### Source data
----
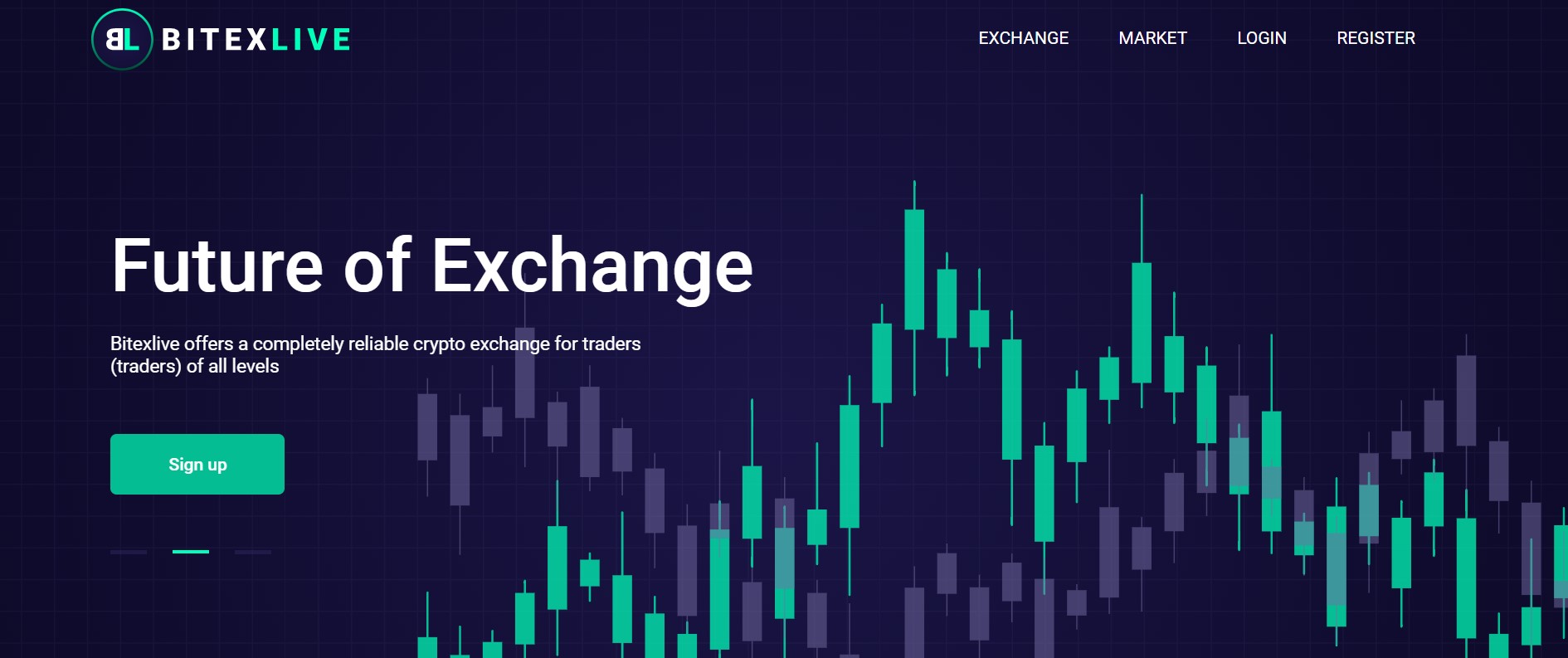bitexlive - Tokenhell Bitexlive website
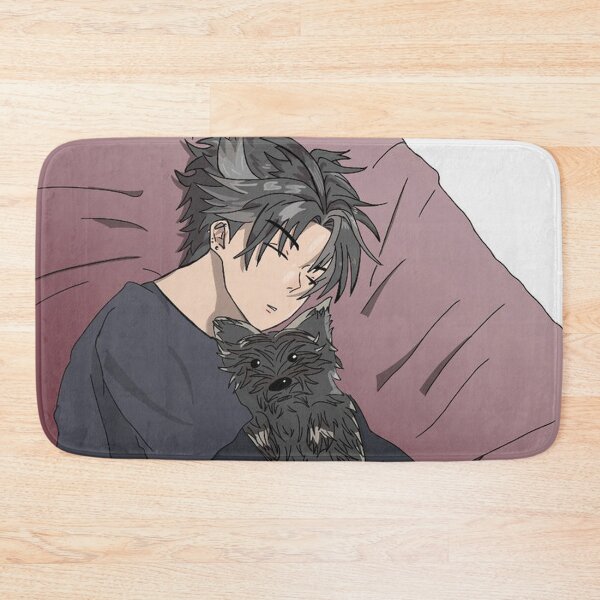 Item preview, Wriothesly dog genshin impact fanart sleepy duke cryo designed and sold by owi-art.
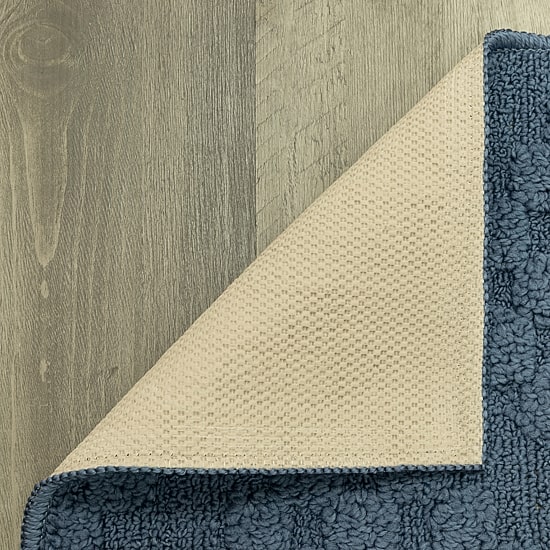 Maples Textured Solid Weave Indoor Rectangular Accent Rug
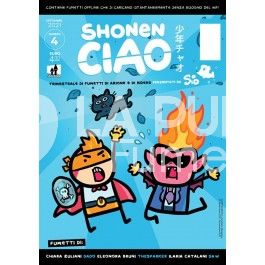 SHONEN CIAO #     4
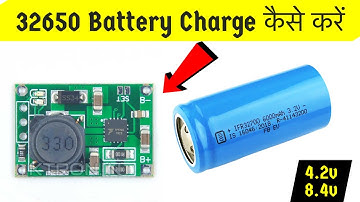 32650 battery charge kaise Karen tp5100 module use @Electronicsproject99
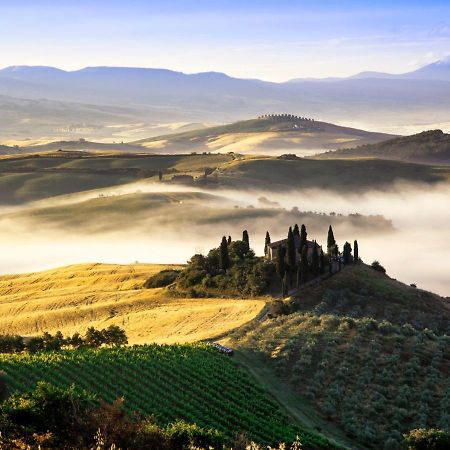 15 Min Da Montepulciano - Villa Chiara Montefollonico Luaran gambar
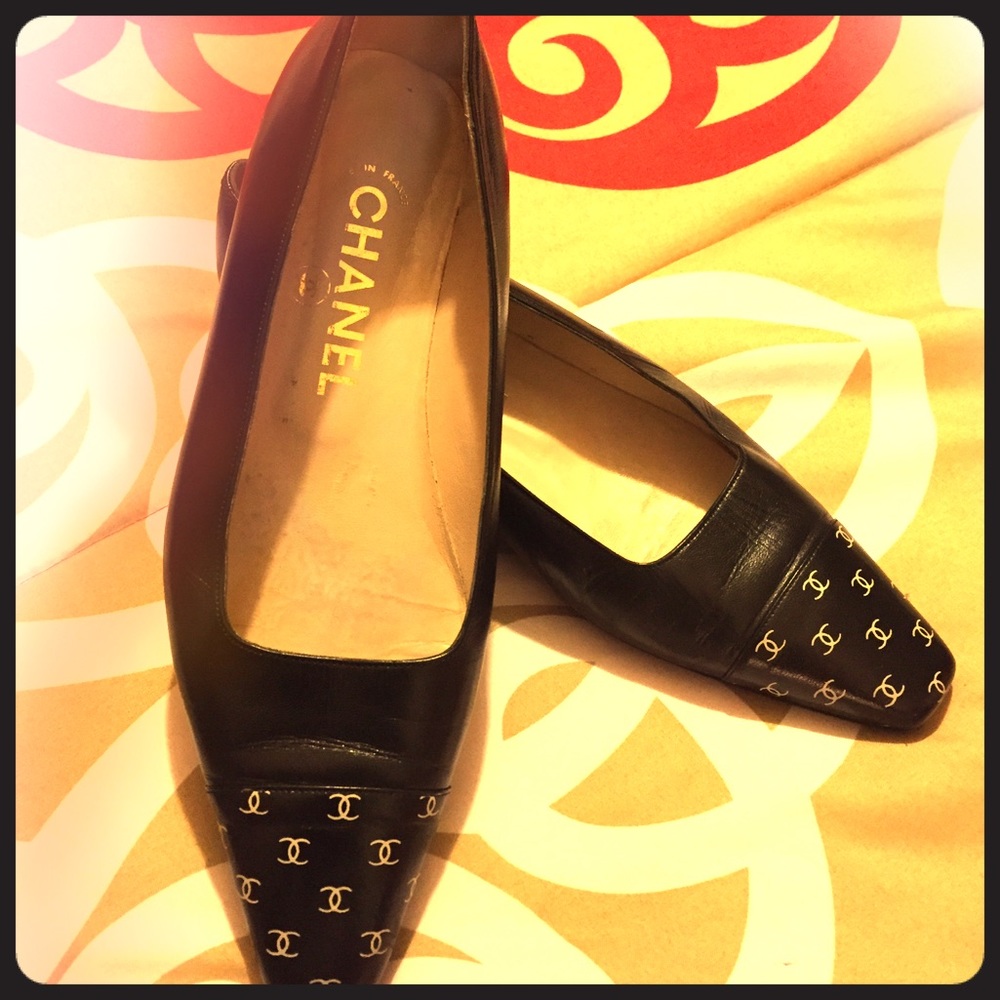 Channel shoes 36 1/2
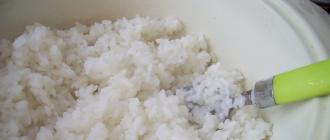 Recept za domači rižev suši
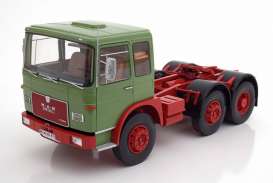 MAN  - 16304 F7 1972 green/red - 1:18 - Road Kings - 180052 - rk180052 | Toms Modelautos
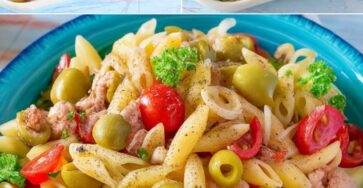 Pasta fredda al tonno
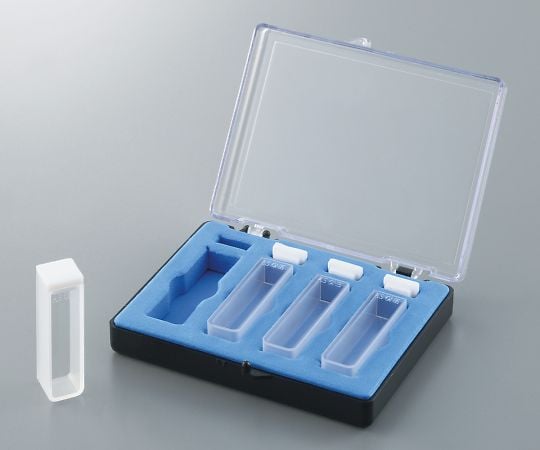 アズワン3-573-01アズラボ石英マッチングセルＱＭＣ４【1箱(4個入)】(as1-3-573-01)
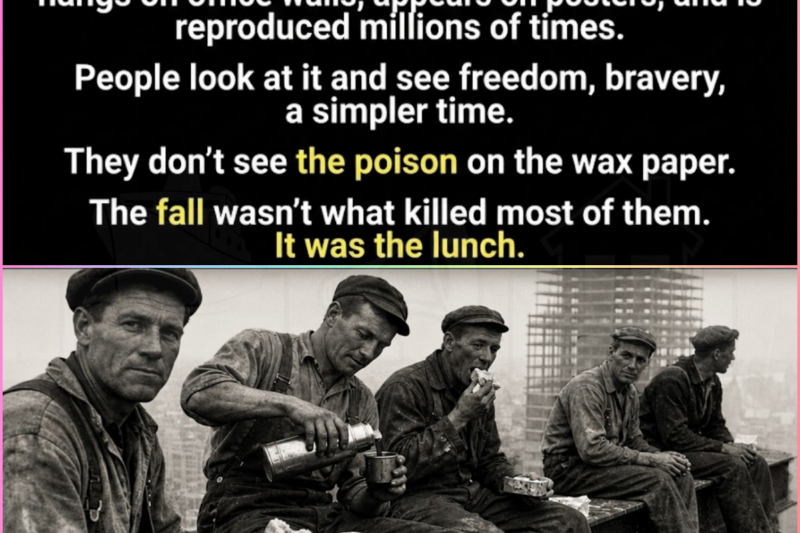 The Lunch That Killed the Men Who Built New York: The Deadly Secret Behind “Lunch Atop a Skyscraper”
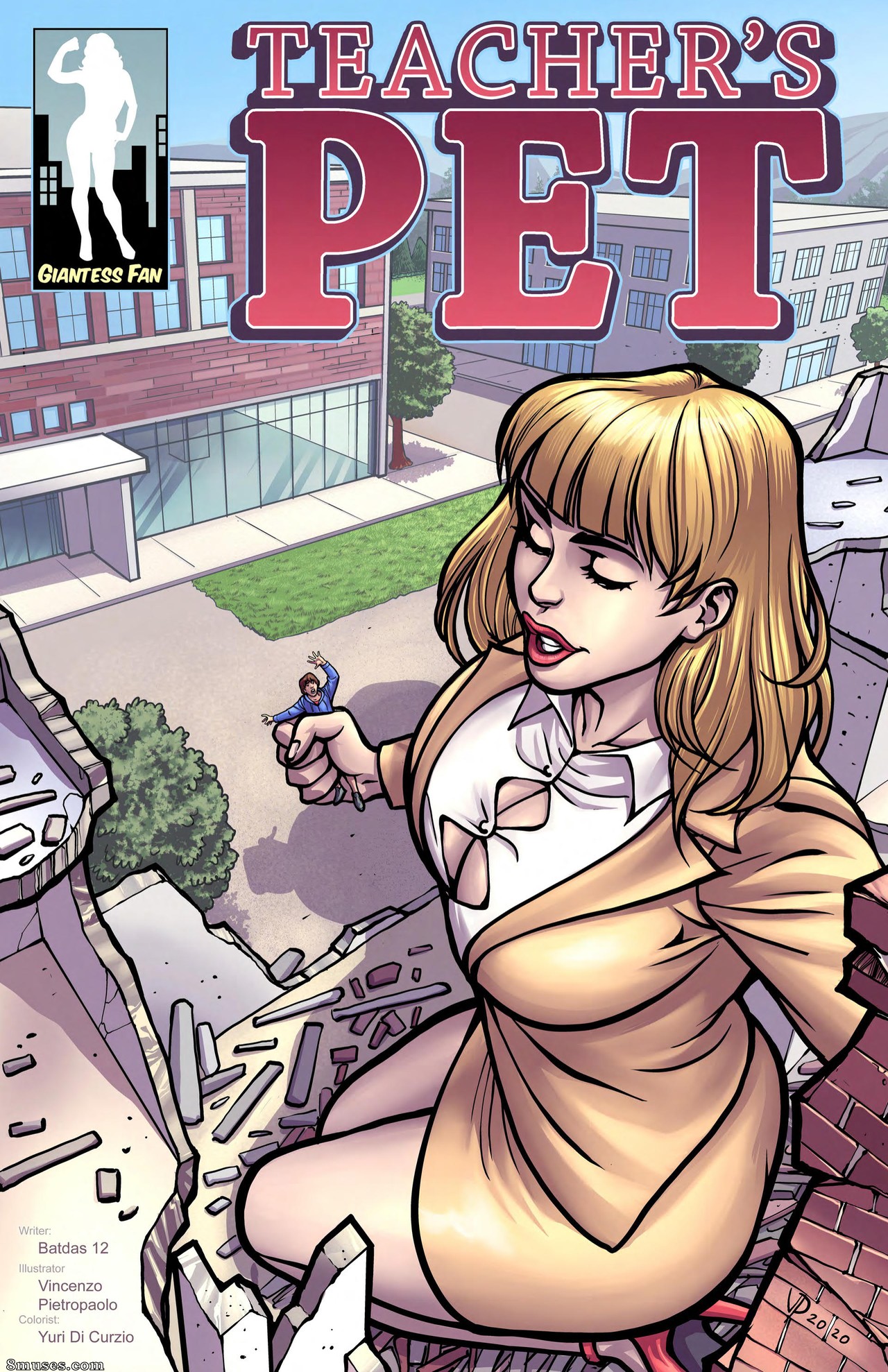 Teachers Pet - Issue 2 - Page 1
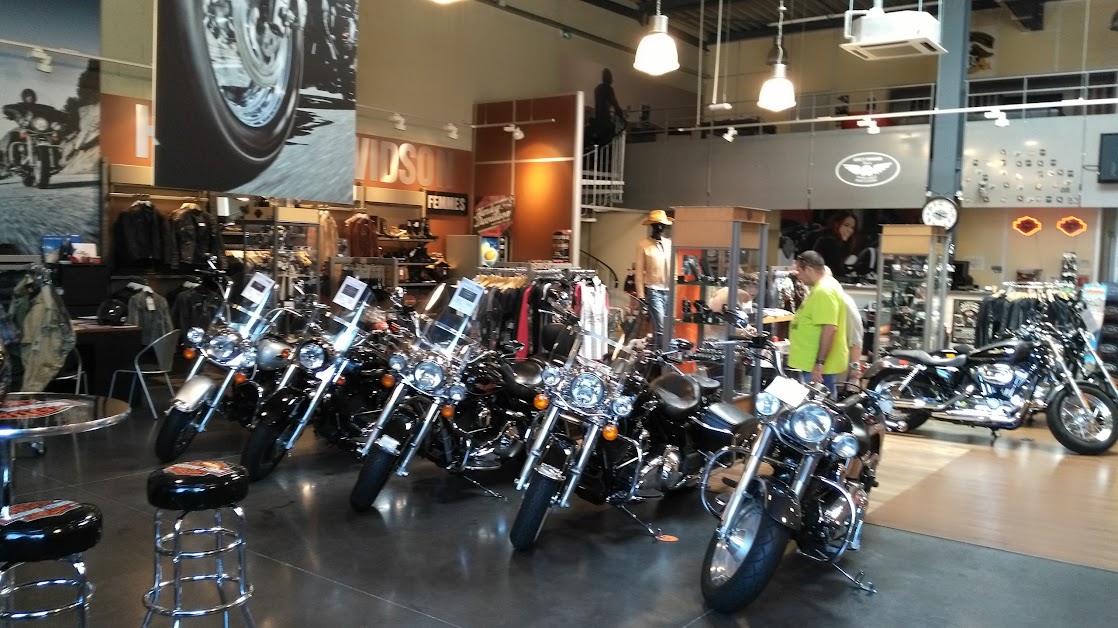 Harley-Davidson à Saint-Étienne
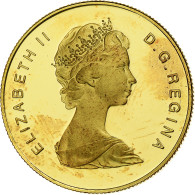 Canada, Elizabeth II, 100 Dollars, Année De L'enfant, 1979, Ottawa, BE, Or - Canada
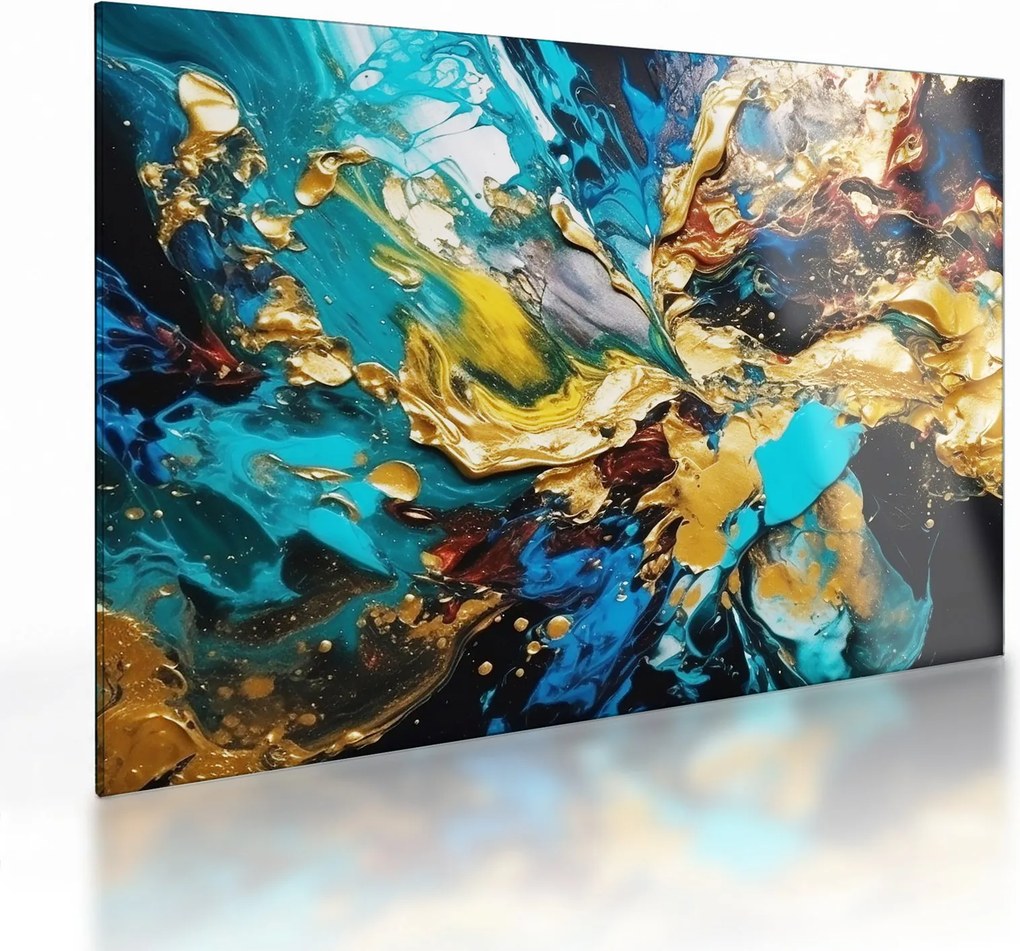 Obraz na szkle - Teksturowany obraz olejny (70x50 cm)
----
### Task item
Each line from the top of the material through the line containing "The Lunch That" should be reproduced exactly; please drop any images.

### Solution to this task
bitexlive - Tokenhell Bitexlive website
 Item preview, Wriothesly dog genshin impact fanart sleepy duke cryo designed and sold by owi-art.
 Maples Textured Solid Weave Indoor Rectangular Accent Rug
 SHONEN CIAO #     4
 32650 battery charge kaise Karen tp5100 module use @Electronicsproject99
 15 Min Da Montepulciano - Villa Chiara Montefollonico Luaran gambar
 Channel shoes 36 1/2
 Recept za domači rižev suši
 MAN  - 16304 F7 1972 green/red - 1:18 - Road Kings - 180052 - rk180052 | Toms Modelautos
 Pasta fredda al tonno
 アズワン3-573-01アズラボ石英マッチングセルＱＭＣ４【1箱(4個入)】(as1-3-573-01)
 The Lunch That Killed the Men Who Built New York: The Deadly Secret Behind “Lunch Atop a Skyscraper”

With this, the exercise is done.